§ WHAT YOU HAVE TO DO:
For this exercise, copy the data exactly and omit any images.

§ DATA FOR THIS EXERCISE:
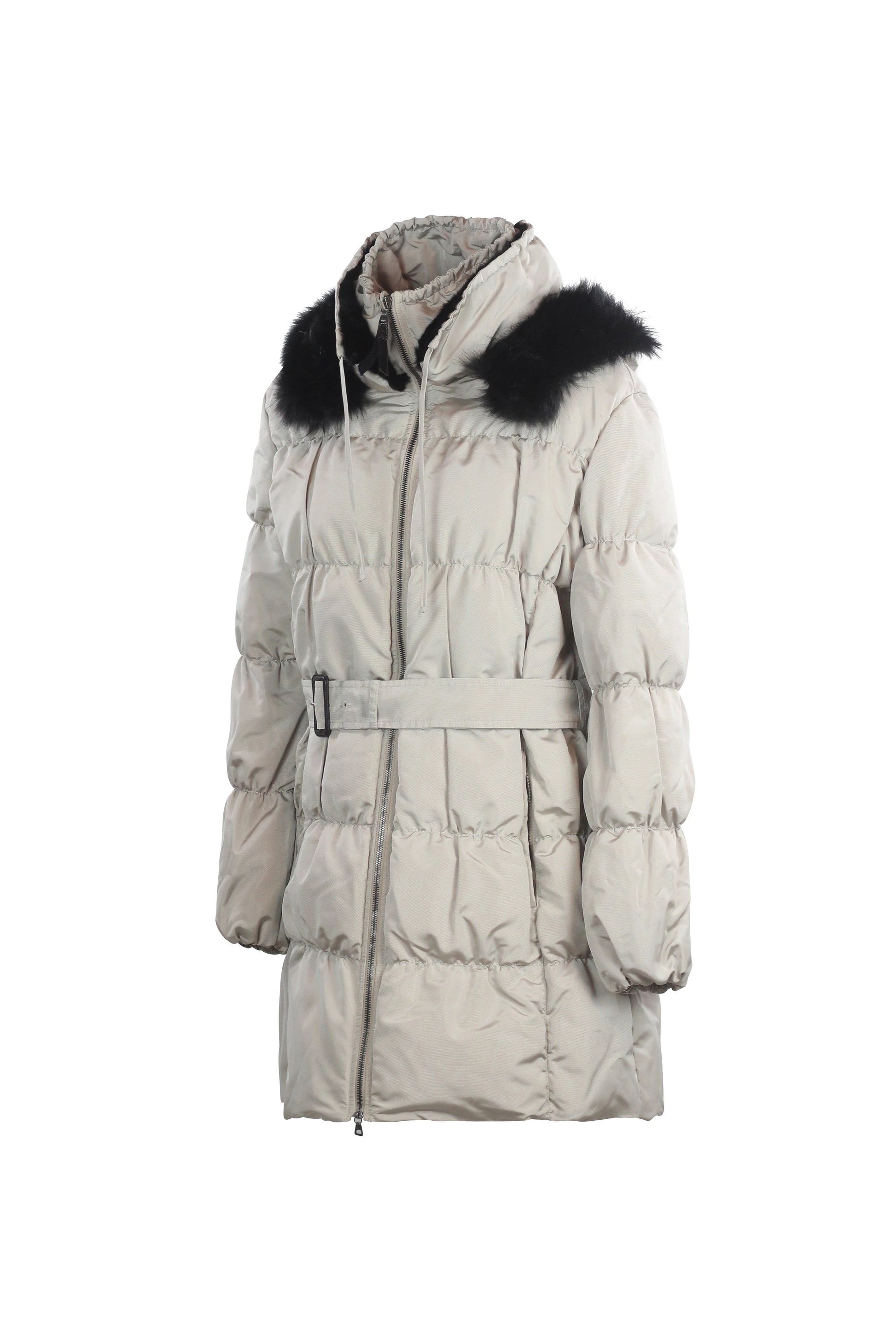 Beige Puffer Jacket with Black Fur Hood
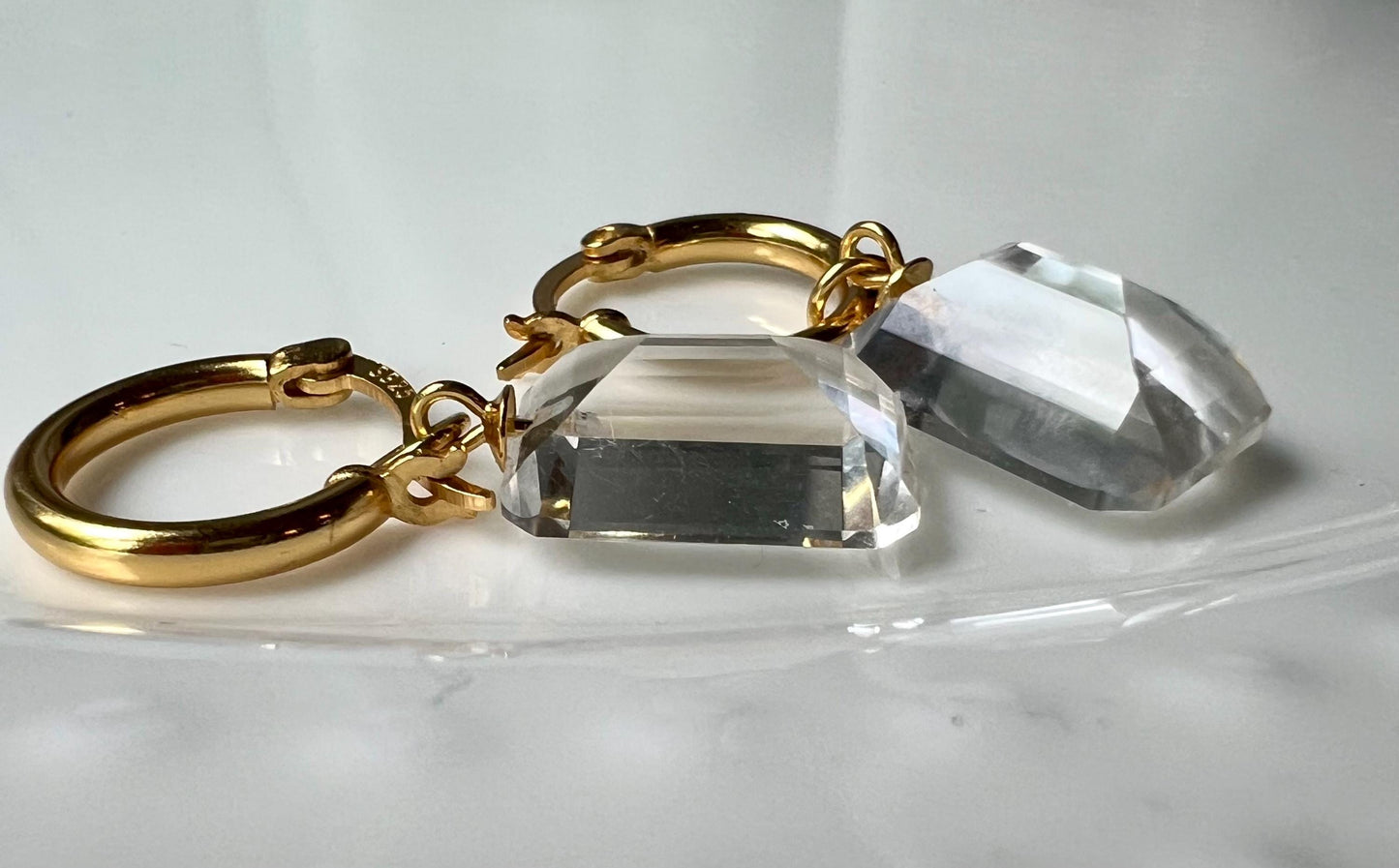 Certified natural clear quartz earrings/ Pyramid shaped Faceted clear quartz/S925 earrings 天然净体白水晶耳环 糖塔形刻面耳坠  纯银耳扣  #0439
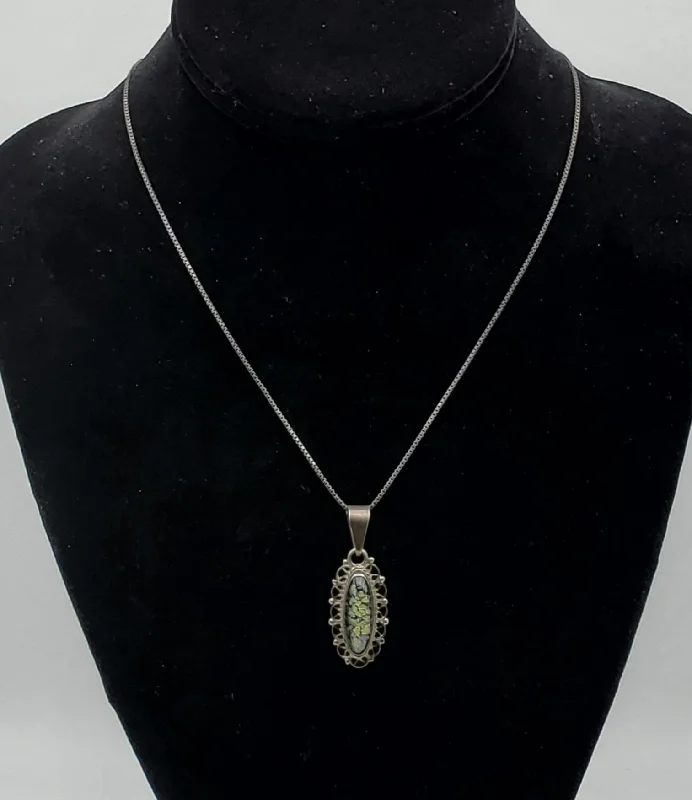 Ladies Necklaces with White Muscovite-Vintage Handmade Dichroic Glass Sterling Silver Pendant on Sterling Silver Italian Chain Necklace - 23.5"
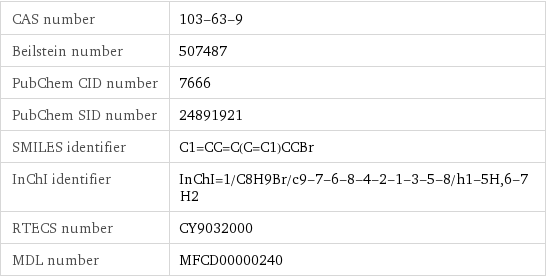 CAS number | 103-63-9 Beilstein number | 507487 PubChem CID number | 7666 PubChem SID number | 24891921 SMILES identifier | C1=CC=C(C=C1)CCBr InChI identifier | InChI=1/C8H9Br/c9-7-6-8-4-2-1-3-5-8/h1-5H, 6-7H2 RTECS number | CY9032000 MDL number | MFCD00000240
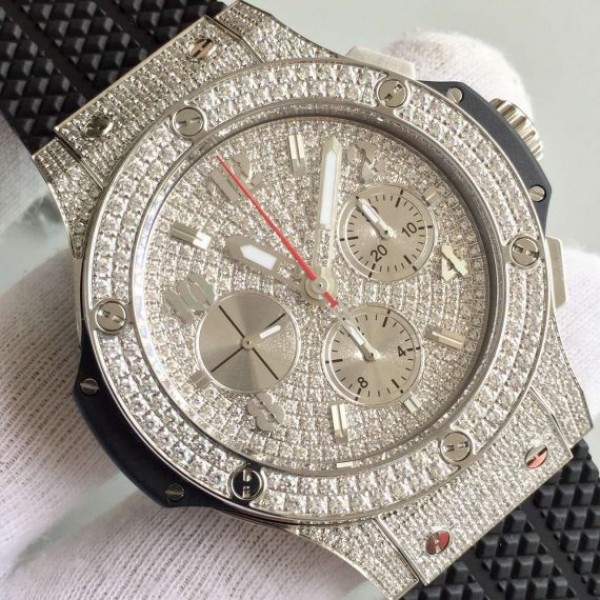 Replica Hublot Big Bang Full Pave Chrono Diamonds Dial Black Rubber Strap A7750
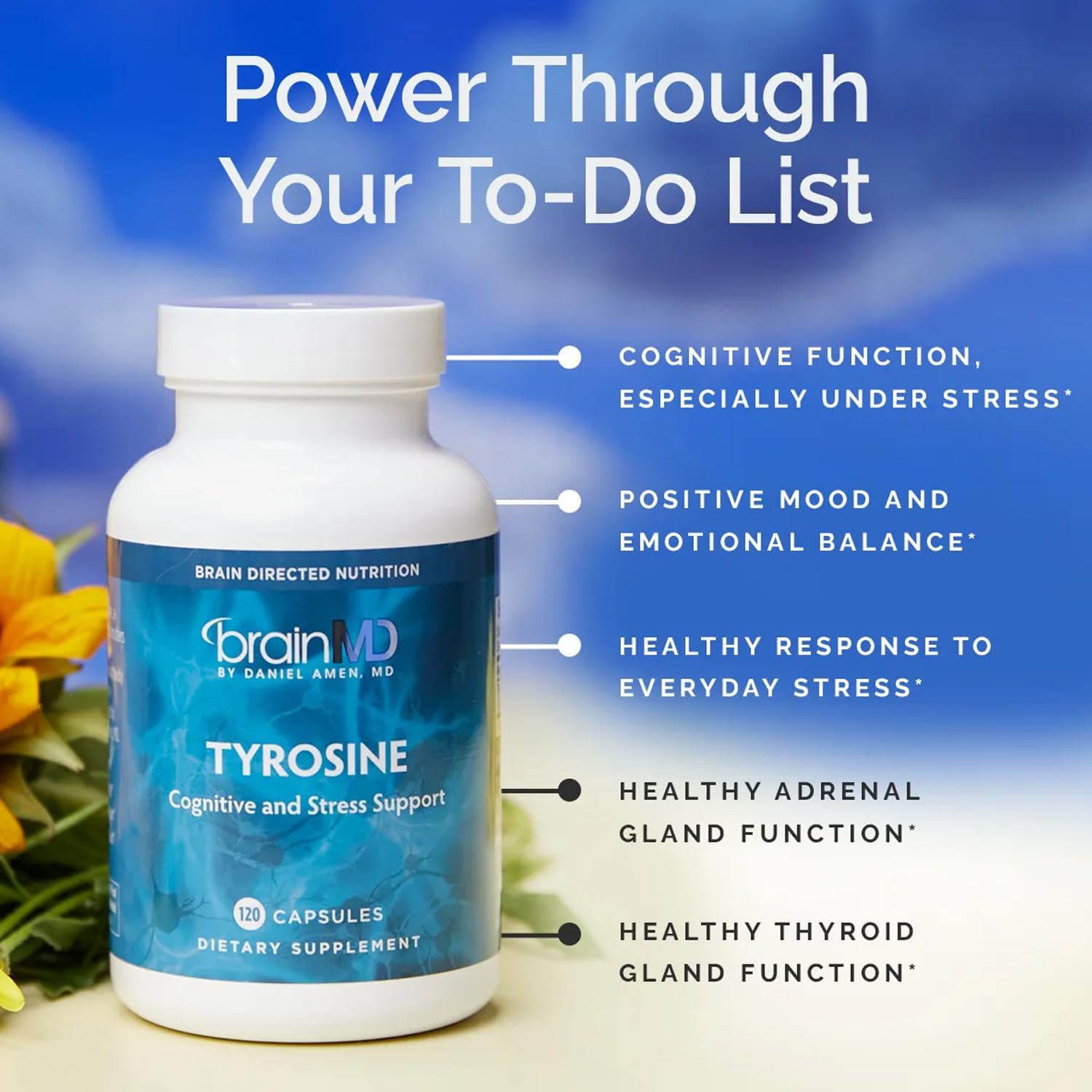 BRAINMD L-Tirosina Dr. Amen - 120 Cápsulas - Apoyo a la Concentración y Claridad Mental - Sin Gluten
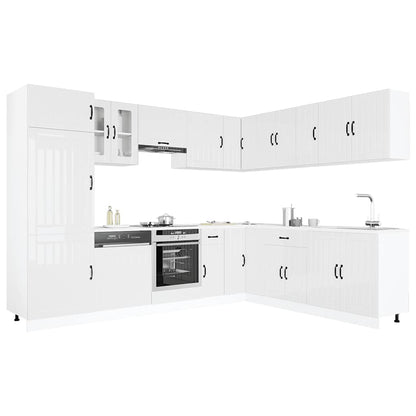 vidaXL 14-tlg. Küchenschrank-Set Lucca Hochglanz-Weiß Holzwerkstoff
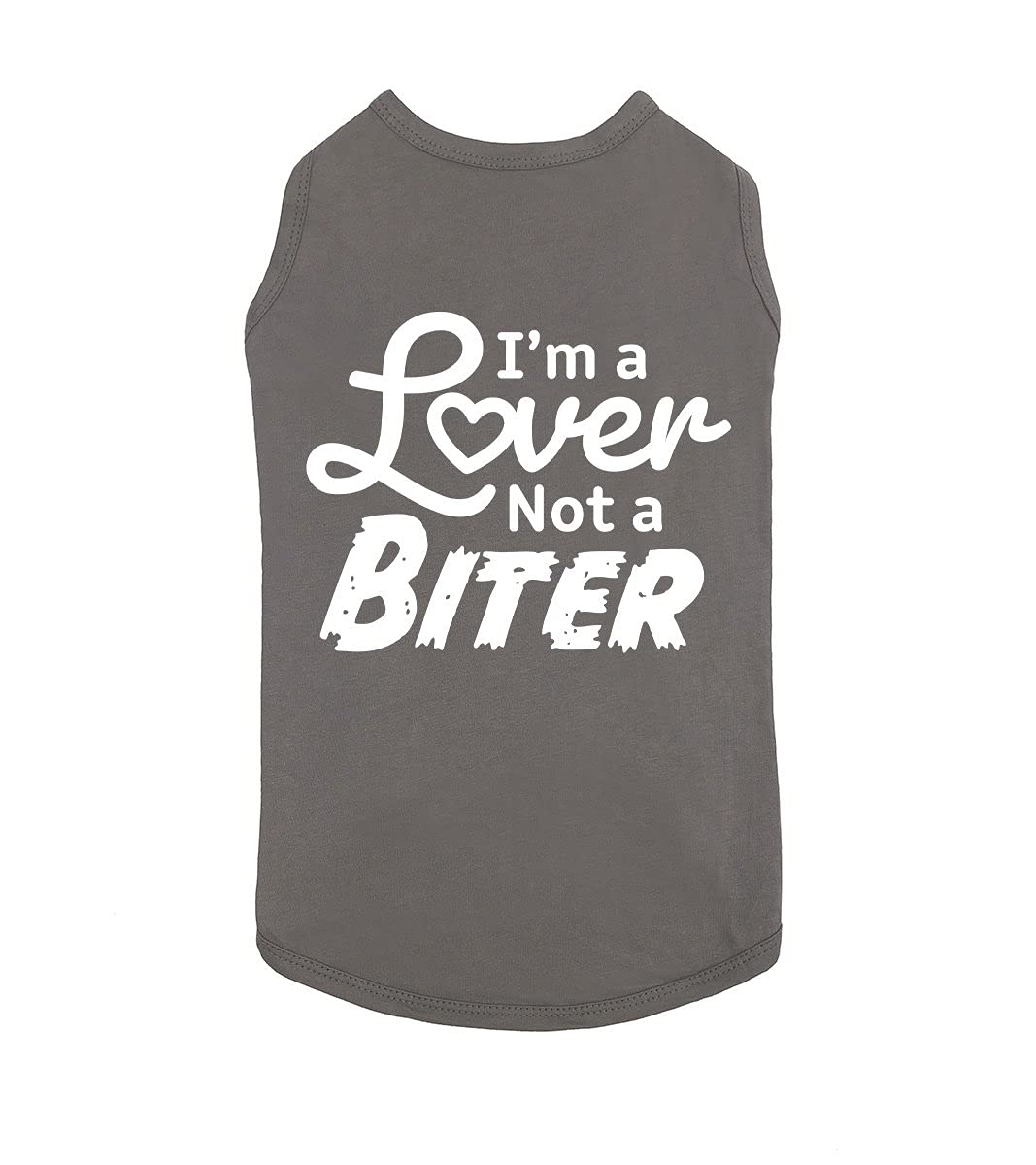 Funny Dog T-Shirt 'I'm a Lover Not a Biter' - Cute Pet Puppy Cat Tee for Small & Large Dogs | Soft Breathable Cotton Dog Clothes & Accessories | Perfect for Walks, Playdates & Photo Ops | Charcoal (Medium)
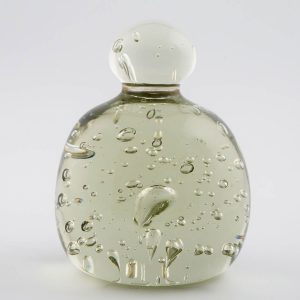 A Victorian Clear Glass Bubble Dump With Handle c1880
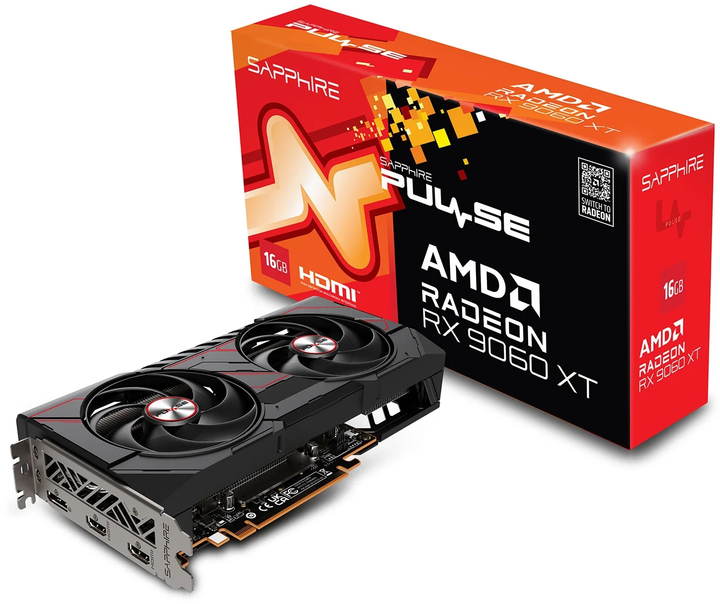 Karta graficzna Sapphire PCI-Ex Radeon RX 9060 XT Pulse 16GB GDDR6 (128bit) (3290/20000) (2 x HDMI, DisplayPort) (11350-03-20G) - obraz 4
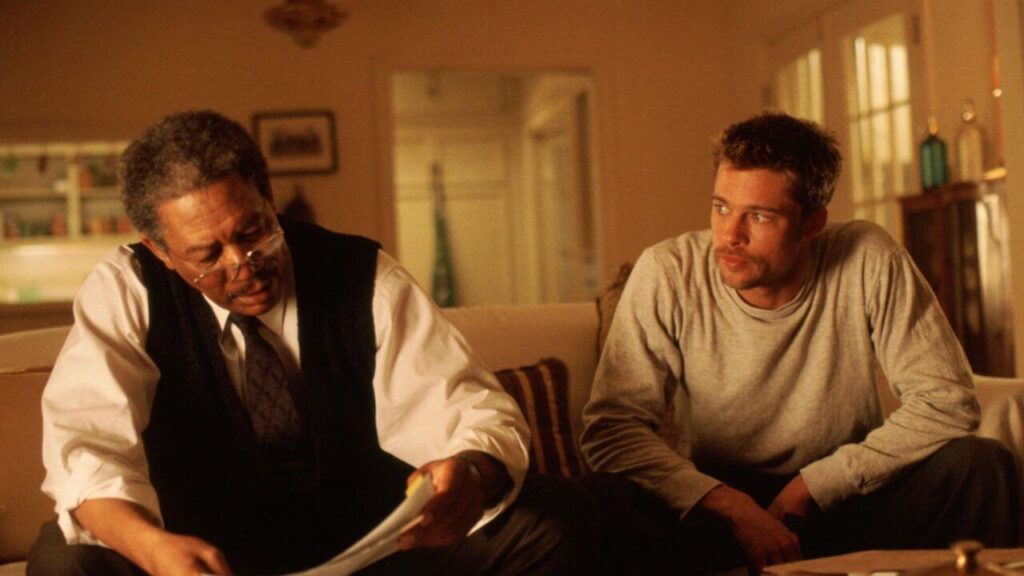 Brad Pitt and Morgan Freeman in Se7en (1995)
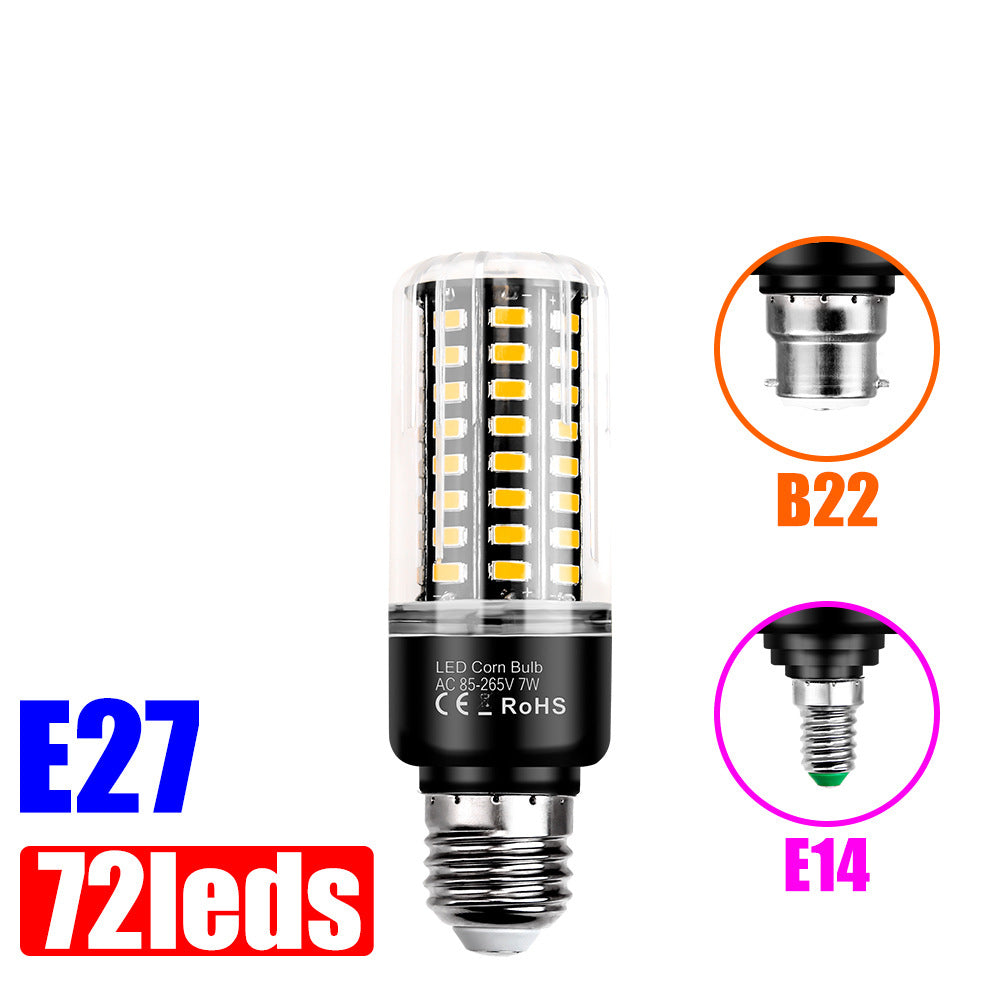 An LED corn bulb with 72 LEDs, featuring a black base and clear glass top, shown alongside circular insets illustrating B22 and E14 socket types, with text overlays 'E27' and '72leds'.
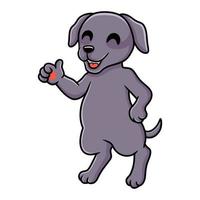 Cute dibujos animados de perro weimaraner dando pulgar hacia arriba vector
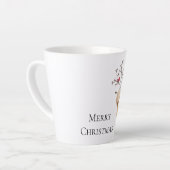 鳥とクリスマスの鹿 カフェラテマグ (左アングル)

§ PROBLEM SOLUTION:
 Beige Puffer Jacket with Black Fur Hood
 Certified natural clear quartz earrings/ Pyramid shaped Faceted clear quartz/S925 earrings 天然净体白水晶耳环 糖塔形刻面耳坠  纯银耳扣  #0439
 Ladies Necklaces with White Muscovite-Vintage Handmade Dichroic Glass Sterling Silver Pendant on Sterling Silver Italian Chain Necklace - 23.5"
 CAS number | 103-63-9 Beilstein number | 507487 PubChem CID number | 7666 PubChem SID number | 24891921 SMILES identifier | C1=CC=C(C=C1)CCBr InChI identifier | InChI=1/C8H9Br/c9-7-6-8-4-2-1-3-5-8/h1-5H, 6-7H2 RTECS number | CY9032000 MDL number | MFCD00000240
 Replica Hublot Big Bang Full Pave Chrono Diamonds Dial Black Rubber Strap A7750
 BRAINMD L-Tirosina Dr. Amen - 120 Cápsulas - Apoyo a la Concentración y Claridad Mental - Sin Gluten
 vidaXL 14-tlg. Küchenschrank-Set Lucca Hochglanz-Weiß Holzwerkstoff
 Funny Dog T-Shirt 'I'm a Lover Not a Biter' - Cute Pet Puppy Cat Tee for Small & Large Dogs | Soft Breathable Cotton Dog Clothes & Accessories | Perfect for Walks, Playdates & Photo Ops | Charcoal (Medium)
 A Victorian Clear Glass Bubble Dump With Handle c1880
 Karta graficzna Sapphire PCI-Ex Radeon RX 9060 XT Pulse 16GB GDDR6 (128bit) (3290/20000) (2 x HDMI, DisplayPort) (11350-03-20G) - obraz 4
 Brad Pitt and Morgan Freeman in Se7en (1995)
 An LED corn bulb with 72 LEDs, featuring a black base and clear glass top, shown alongside circular insets illustrating B22 and E14 socket types, with text overlays 'E27' and '72leds'.
 Cute dibujos animados de perro weimaraner dando pulgar hacia arriba vector
 鳥とクリスマスの鹿 カフェラテマグ (左アングル)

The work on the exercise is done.